4. Where sales of vessels from more than one country are simultaneously subject to injurious pricing investigations, the effects of such sales shall be cumulatively assessed only if it is determined that (a) the margin of injurious pricing established in relation to the purchases from each country is more than de minimis as defined in Article 7 (3) and that (b) a cumulative assessment of the effects of the sales is appropriate in the light of the conditions of competition between vessels sold by non-Community shipbuilders to the buyer and the conditions of competition between such vessels and the like Community vessels.

5. The examination of the impact of the sale at less than normal value on the Community industry concerned shall include an evaluation of all relevant economic factors and indices having a bearing on the state of the industry including: the fact that an industry is still in the process of recovering from the effects of past dumping, injurious pricing or subsidization, the magnitude of the actual margin of injurious pricing, actual and potential decline in sales, profits, output, market share, productivity, return on investments, utilization of capacity; factors affecting Community prices; actual and potential negative effects on cash flow, inventories, employment, wages, growth, ability to raise capital or investments. This list is not exhaustive, nor can any one or more of these factors necessarily give decisive guidance.

6. It must be demonstrated, from all the relevant evidence presented in relation to paragraph 2, that the sale at less than normal value is causing, or has caused, injury within the meaning of this Regulation. Specifically, this shall entail a demonstration that the price levels identified pursuant to paragraph 3 are responsible for an impact on the Community industry as provided for in paragraph 5, and that this impact exists to a degree which enables it to be classified as material.

7. Known factors other than the sale at less than normal value which at the same time are injuring the Community industry shall also be examined to ensure that injury caused by these other factors is not attributed to the sale at less than normal value under paragraph 6. Factors which may be considered in this respect include the volume and prices of sales by shipbuilders of countries other than the exporting country not realized at less than normal value, contraction in demand or changes in the patterns of consumption, restrictive trade practices of, and competition between, third country and Community producers, developments in technology and the export performance and productivity of the Community industry.

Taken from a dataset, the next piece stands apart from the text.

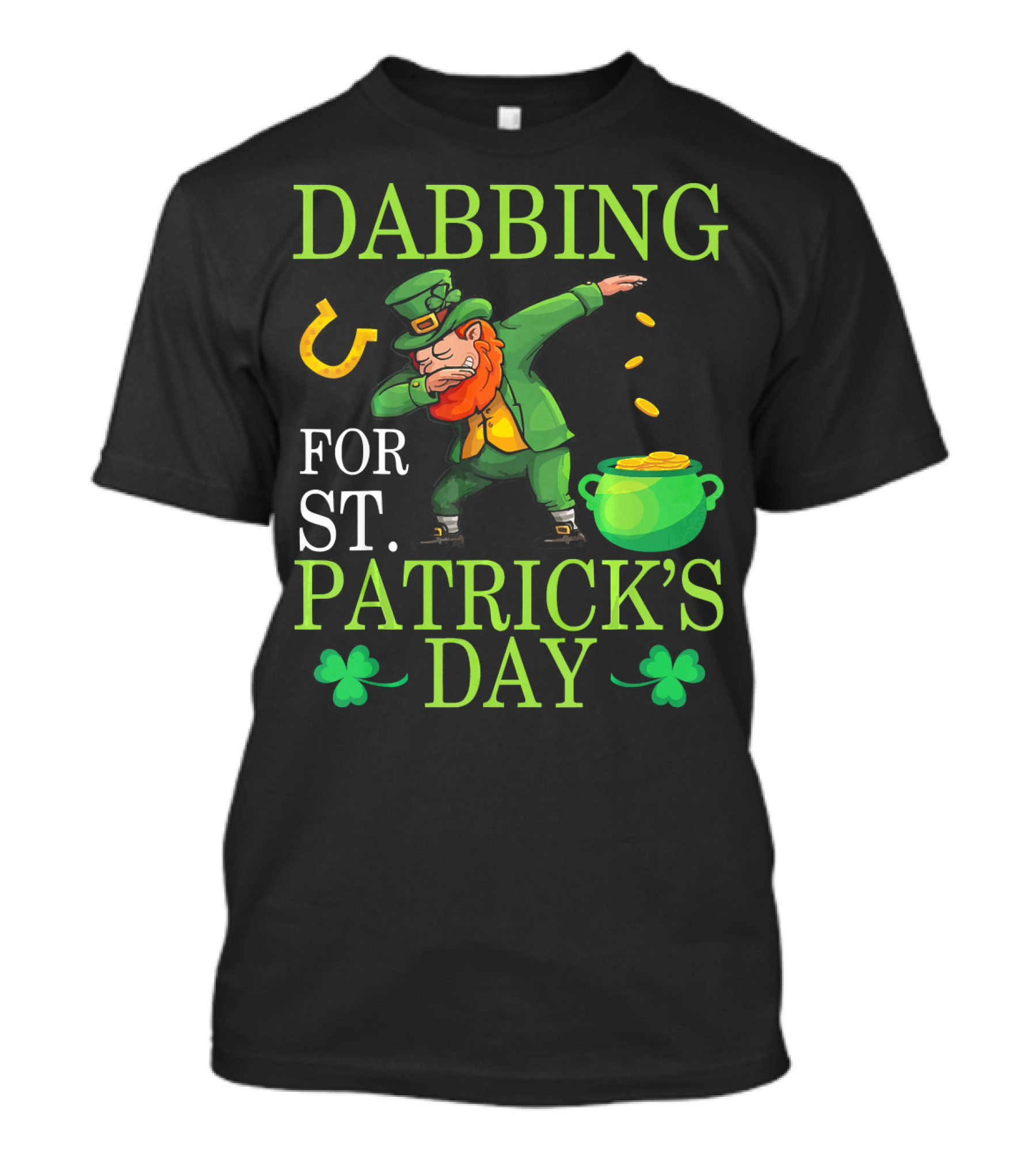 Dabbing Leprechaun Sprinkling Gold For St. Patrick's Day T-Shirt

8. The effect of the sale at less than normal value shall be assessed in relation to the production of the Community industry of like vessels when available data permit the separate identification of that production on the basis of such criteria as the production process, producers' sales and profits. If such separate identification of that production is not possible, the effects of the sale at less than normal value shall be assessed by examination of the production of the narrowest group or range of vessels, which includes the like vessel, for which the necessary information can be provided.

9. A determination of a threat of material injury shall be based on facts and not merely on allegation, conjecture or remote possibility. The change in circumstances which would create a situation in which the sale at less than normal value would cause injury must be clearly foreseen and imminent.

In making a determination regarding the existence of a threat of material injury, consideration should be given to, inter alia, such factors as:

(a) sufficient freely disposable capacity of the shipbuilder or an imminent and substantial increase in such capacity indicating the likelihood of substantially increased sales at less than normal value, account being taken of the availability of other export markets to absorb any additional exports; and

(b) whether vessels are being exported at prices that would, to a significant degree, depress prices or prevent price increases which otherwise would have occurred, and would probably increase demand for further purchases from other countries.

No one of the factors listed above by itself can necessarily give decisive guidance, but the totality of the factors considered must lead to the conclusion that further sales at less than normal value are imminent and that, unless protective action is taken, material injury will occur.

Article 4

Definition of Community industry

1. For the purposes of this Regulation, the term 'Community industry` shall be interpreted as referring to the Community producers as a whole capable of producing a like vessel with their present facilities or whose facilities can be adapted in a timely manner to produce a like vessel, or to those of them whose collective capability to produce a like vessel constitutes a major proportion, as defined in Article 5 (6), of the total Community capability to produce a like vessel. However, when producers are related to the shipbuilder, exporters or buyers or are themselves buyers of the allegedly injuriously priced vessel, the term 'the Community industry` may be interpreted as referring to the rest of the producers.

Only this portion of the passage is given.